* What to produce:
Lines with the word "Rose": copy all of them from the entries below.

* Excerpts from a dataset:
**********

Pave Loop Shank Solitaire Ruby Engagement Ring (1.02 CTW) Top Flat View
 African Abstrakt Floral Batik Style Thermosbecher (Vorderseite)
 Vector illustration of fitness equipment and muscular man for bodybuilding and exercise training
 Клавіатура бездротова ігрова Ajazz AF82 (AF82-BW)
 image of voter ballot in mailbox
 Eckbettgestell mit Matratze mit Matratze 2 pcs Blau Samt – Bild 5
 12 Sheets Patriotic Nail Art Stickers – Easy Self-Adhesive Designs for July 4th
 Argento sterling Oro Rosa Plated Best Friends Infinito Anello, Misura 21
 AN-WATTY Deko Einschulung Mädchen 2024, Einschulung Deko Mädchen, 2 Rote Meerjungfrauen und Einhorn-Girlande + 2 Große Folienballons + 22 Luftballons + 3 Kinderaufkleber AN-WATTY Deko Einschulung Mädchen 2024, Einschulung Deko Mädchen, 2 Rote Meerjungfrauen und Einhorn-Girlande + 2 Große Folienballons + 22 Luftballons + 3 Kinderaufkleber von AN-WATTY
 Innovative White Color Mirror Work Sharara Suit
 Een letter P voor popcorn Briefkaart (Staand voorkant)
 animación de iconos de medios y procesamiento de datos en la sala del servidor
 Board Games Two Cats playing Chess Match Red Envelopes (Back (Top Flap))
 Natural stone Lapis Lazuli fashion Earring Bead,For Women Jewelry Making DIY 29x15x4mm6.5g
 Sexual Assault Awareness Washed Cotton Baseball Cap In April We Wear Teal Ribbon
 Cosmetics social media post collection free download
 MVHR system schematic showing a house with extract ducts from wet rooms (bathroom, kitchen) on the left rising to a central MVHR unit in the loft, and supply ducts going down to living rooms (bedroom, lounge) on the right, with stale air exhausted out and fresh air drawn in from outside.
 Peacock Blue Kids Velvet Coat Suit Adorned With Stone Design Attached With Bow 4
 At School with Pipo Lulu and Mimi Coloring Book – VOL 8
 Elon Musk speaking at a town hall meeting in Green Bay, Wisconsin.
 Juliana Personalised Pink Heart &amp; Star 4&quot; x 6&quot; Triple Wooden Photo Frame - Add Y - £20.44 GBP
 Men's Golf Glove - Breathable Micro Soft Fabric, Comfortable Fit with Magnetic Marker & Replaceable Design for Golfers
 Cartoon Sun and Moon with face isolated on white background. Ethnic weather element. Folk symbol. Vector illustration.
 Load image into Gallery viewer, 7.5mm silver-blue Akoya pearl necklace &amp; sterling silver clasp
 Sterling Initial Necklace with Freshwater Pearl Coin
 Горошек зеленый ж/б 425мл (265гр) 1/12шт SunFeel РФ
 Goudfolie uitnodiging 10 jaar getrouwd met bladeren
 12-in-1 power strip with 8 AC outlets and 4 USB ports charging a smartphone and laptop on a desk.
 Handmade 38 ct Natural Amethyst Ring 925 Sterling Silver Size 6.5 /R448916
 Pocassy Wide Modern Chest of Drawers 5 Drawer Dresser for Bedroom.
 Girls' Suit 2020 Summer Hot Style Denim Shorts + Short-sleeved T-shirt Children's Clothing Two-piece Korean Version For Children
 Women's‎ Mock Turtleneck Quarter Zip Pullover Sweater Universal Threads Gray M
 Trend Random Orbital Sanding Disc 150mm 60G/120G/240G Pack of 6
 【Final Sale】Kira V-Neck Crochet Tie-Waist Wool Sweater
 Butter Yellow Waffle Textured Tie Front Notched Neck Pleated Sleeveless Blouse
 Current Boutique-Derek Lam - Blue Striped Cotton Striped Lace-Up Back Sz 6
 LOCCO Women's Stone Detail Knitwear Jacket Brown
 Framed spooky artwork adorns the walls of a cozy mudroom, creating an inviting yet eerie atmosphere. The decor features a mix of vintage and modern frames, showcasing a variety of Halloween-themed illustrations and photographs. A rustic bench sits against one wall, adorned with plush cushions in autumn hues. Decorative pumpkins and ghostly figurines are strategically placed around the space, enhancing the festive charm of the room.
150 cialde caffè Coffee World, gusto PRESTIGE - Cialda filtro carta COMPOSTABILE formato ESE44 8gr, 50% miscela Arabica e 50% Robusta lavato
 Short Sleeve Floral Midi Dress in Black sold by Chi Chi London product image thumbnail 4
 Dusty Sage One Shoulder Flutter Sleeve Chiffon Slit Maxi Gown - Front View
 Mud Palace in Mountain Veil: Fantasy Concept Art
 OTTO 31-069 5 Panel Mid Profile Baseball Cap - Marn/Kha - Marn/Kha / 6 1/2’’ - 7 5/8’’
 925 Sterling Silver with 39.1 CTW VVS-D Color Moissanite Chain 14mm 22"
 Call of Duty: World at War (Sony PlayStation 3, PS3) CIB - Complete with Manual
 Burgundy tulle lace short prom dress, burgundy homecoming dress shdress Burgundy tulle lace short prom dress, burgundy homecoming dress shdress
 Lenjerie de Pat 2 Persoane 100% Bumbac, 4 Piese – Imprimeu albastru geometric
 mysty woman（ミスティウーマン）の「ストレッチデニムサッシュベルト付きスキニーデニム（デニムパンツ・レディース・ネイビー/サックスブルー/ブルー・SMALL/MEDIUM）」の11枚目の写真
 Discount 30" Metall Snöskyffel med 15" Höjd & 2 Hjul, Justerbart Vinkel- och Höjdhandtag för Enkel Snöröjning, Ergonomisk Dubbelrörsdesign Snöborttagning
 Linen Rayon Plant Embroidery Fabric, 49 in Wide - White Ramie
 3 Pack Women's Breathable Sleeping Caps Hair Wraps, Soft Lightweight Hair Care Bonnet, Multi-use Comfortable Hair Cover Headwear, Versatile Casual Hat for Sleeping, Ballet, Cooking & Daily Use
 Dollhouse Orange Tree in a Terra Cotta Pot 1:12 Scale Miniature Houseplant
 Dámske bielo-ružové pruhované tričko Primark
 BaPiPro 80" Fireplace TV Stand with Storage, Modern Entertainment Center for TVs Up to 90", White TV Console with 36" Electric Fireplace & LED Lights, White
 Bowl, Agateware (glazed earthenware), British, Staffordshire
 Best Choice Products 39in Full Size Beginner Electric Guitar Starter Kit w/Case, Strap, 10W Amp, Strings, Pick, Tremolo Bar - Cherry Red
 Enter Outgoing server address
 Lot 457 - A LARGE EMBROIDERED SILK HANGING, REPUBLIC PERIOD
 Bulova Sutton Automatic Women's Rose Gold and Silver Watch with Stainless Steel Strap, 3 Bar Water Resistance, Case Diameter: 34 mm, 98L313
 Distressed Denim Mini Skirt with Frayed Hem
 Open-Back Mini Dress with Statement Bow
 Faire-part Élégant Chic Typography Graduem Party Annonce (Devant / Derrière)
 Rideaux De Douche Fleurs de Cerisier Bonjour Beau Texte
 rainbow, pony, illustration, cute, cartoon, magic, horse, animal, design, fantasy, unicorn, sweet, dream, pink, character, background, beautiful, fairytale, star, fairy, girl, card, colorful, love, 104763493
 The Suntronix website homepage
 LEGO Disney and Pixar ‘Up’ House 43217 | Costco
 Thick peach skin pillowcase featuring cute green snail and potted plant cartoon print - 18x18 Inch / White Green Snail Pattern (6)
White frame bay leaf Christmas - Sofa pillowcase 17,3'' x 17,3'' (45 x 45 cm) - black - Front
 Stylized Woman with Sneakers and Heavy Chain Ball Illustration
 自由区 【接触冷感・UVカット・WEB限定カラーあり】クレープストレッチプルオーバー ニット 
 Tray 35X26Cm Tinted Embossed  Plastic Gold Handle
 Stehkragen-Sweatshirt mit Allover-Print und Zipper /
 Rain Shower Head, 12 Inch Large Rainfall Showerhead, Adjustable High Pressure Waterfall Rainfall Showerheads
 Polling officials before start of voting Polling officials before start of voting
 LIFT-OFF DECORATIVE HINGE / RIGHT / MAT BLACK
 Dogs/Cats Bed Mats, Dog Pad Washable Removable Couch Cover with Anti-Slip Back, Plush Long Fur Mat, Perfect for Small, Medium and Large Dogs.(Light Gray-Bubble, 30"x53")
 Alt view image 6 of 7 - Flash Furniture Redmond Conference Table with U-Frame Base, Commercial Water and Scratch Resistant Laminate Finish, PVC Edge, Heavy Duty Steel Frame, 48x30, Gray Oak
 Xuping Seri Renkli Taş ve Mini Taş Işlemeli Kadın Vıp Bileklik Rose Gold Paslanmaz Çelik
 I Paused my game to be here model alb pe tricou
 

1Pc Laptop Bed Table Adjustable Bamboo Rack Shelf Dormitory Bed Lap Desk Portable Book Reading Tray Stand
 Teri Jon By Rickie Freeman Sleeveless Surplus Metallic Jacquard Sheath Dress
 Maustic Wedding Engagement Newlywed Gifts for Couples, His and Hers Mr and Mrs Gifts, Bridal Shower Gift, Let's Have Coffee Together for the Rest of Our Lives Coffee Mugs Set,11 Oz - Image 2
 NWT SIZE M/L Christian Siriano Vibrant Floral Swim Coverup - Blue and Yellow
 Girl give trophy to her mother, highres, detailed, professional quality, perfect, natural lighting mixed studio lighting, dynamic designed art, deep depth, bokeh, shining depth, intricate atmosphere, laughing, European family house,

**********

* Task answer:
 Bulova Sutton Automatic Women's Rose Gold and Silver Watch with Stainless Steel Strap, 3 Bar Water Resistance, Case Diameter: 34 mm, 98L313
 Xuping Seri Renkli Taş ve Mini Taş Işlemeli Kadın Vıp Bileklik Rose Gold Paslanmaz Çelik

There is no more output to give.